Please transcribe the data below exactly. Leave the pictures out.

^^^^

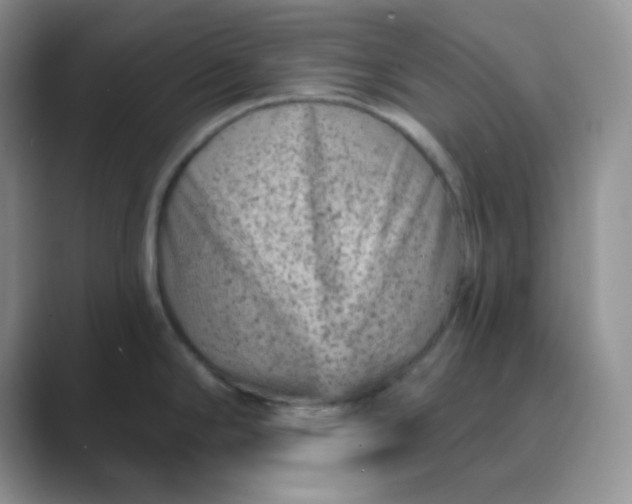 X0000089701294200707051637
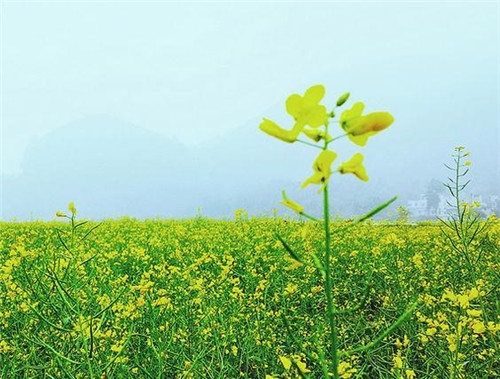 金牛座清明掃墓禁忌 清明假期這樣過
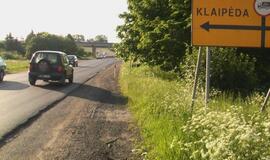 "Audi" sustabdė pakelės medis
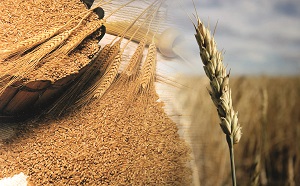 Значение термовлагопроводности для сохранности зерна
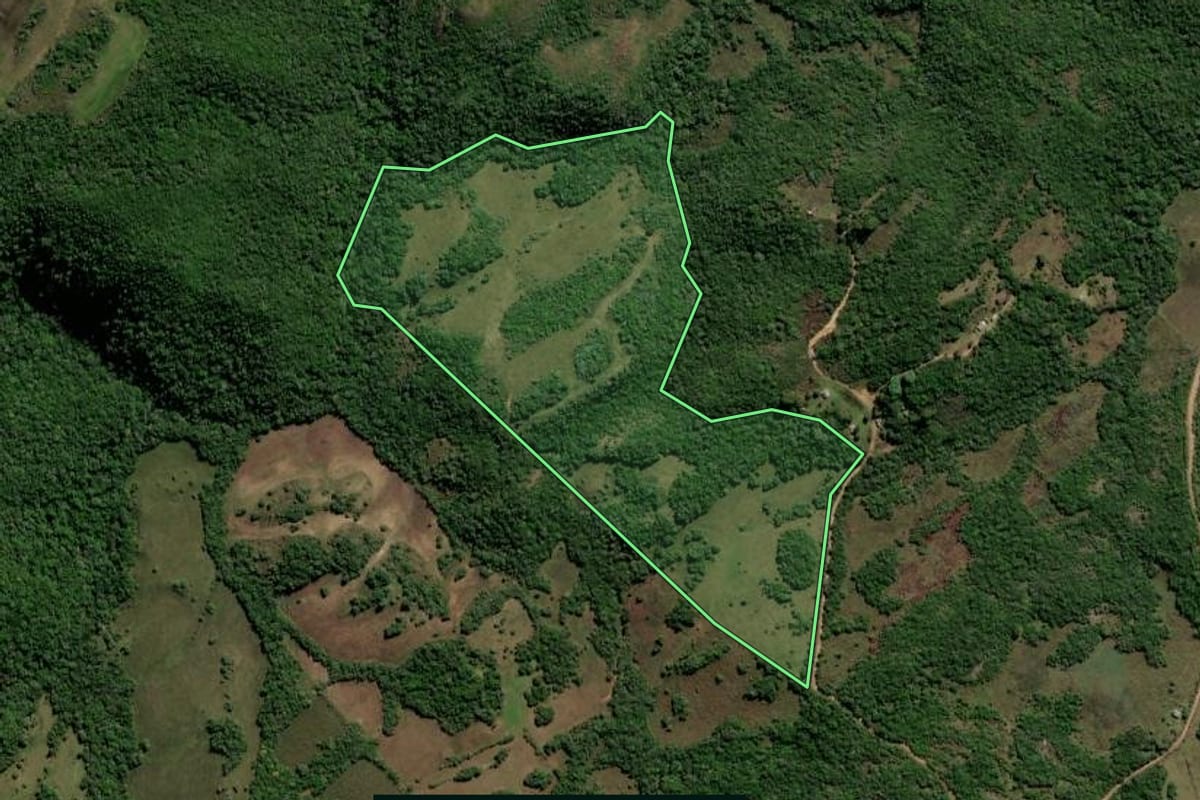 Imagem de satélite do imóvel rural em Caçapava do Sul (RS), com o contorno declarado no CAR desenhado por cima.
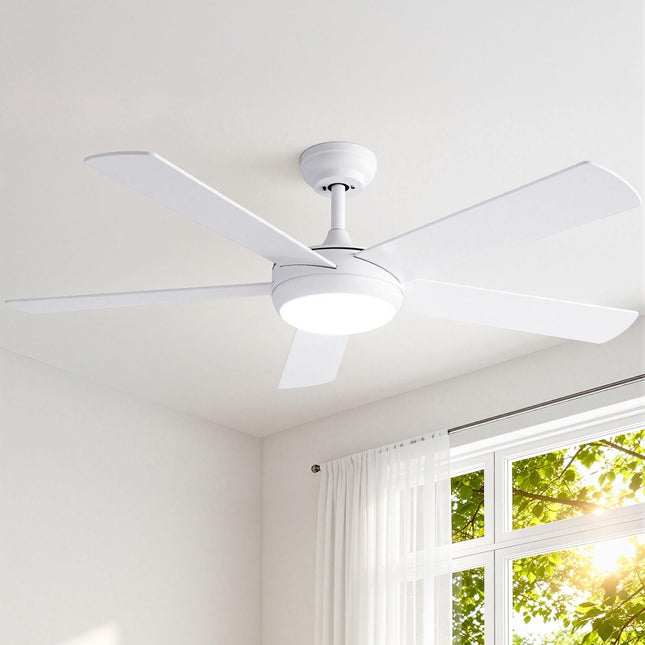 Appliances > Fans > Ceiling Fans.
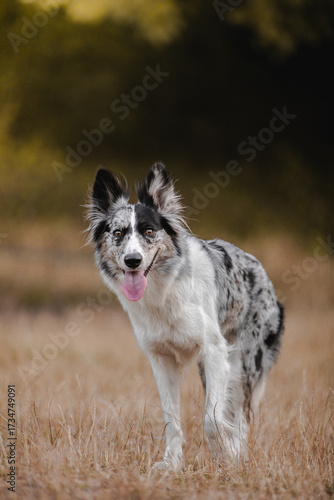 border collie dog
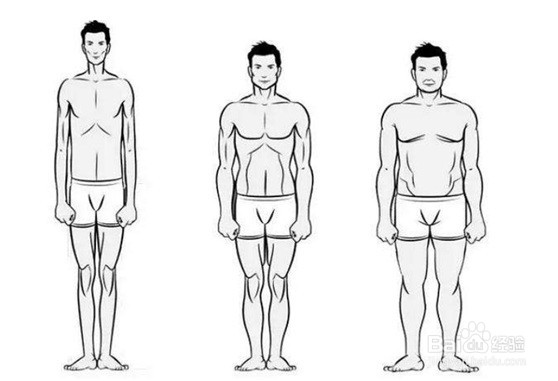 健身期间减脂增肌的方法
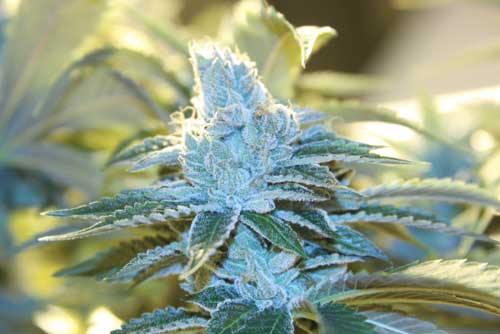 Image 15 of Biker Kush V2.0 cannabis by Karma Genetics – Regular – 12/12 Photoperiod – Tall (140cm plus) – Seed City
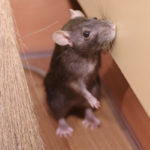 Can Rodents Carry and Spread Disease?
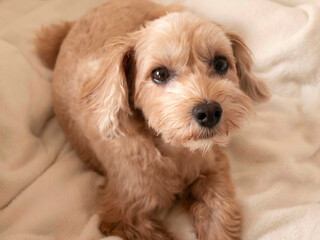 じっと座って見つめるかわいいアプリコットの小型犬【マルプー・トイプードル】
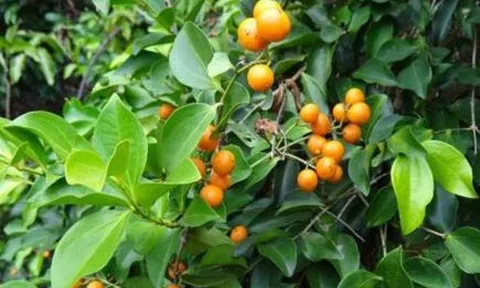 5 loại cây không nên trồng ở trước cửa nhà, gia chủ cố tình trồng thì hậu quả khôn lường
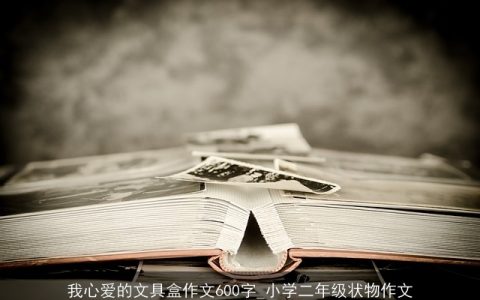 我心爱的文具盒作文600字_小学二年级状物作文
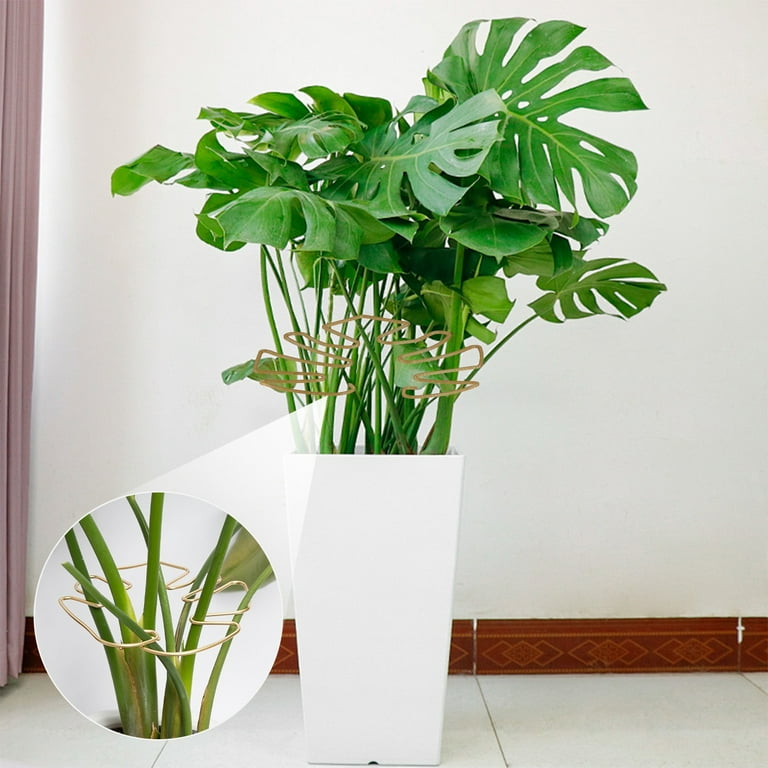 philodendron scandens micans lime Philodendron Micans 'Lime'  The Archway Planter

^^^^

▶ _Written reply_
 X0000089701294200707051637
 金牛座清明掃墓禁忌 清明假期這樣過
 "Audi" sustabdė pakelės medis
 Значение термовлагопроводности для сохранности зерна
 Imagem de satélite do imóvel rural em Caçapava do Sul (RS), com o contorno declarado no CAR desenhado por cima.
 Appliances > Fans > Ceiling Fans.
 border collie dog
 健身期间减脂增肌的方法
 Image 15 of Biker Kush V2.0 cannabis by Karma Genetics – Regular – 12/12 Photoperiod – Tall (140cm plus) – Seed City
 Can Rodents Carry and Spread Disease?
 じっと座って見つめるかわいいアプリコットの小型犬【マルプー・トイプードル】
 5 loại cây không nên trồng ở trước cửa nhà, gia chủ cố tình trồng thì hậu quả khôn lường
 我心爱的文具盒作文600字_小学二年级状物作文
 philodendron scandens micans lime Philodendron Micans 'Lime'  The Archway Planter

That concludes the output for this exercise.